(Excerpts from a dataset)
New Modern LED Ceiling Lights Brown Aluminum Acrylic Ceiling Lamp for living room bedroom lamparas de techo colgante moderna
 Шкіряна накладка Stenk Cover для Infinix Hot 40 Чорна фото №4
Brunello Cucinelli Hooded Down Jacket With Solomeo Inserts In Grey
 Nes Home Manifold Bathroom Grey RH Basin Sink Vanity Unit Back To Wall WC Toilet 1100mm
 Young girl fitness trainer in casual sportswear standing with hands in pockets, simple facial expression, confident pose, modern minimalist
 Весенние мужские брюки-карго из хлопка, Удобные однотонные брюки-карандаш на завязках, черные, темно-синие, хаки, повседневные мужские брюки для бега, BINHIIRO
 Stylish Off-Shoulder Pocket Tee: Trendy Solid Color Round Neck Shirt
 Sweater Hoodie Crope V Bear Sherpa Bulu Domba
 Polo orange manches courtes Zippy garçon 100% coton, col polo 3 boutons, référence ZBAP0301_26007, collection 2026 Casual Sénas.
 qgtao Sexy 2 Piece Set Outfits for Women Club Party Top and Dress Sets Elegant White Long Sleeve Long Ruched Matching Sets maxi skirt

The task: All of the data needs to be repeated exactly.

Answer space:
New Modern LED Ceiling Lights Brown Aluminum Acrylic Ceiling Lamp for living room bedroom lamparas de techo colgante moderna
 Шкіряна накладка Stenk Cover для Infinix Hot 40 Чорна фото №4
Brunello Cucinelli Hooded Down Jacket With Solomeo Inserts In Grey
 Nes Home Manifold Bathroom Grey RH Basin Sink Vanity Unit Back To Wall WC Toilet 1100mm
 Young girl fitness trainer in casual sportswear standing with hands in pockets, simple facial expression, confident pose, modern minimalist
 Весенние мужские брюки-карго из хлопка, Удобные однотонные брюки-карандаш на завязках, черные, темно-синие, хаки, повседневные мужские брюки для бега, BINHIIRO
 Stylish Off-Shoulder Pocket Tee: Trendy Solid Color Round Neck Shirt
 Sweater Hoodie Crope V Bear Sherpa Bulu Domba
 Polo orange manches courtes Zippy garçon 100% coton, col polo 3 boutons, référence ZBAP0301_26007, collection 2026 Casual Sénas.
 qgtao Sexy 2 Piece Set Outfits for Women Club Party Top and Dress Sets Elegant White Long Sleeve Long Ruched Matching Sets maxi skirt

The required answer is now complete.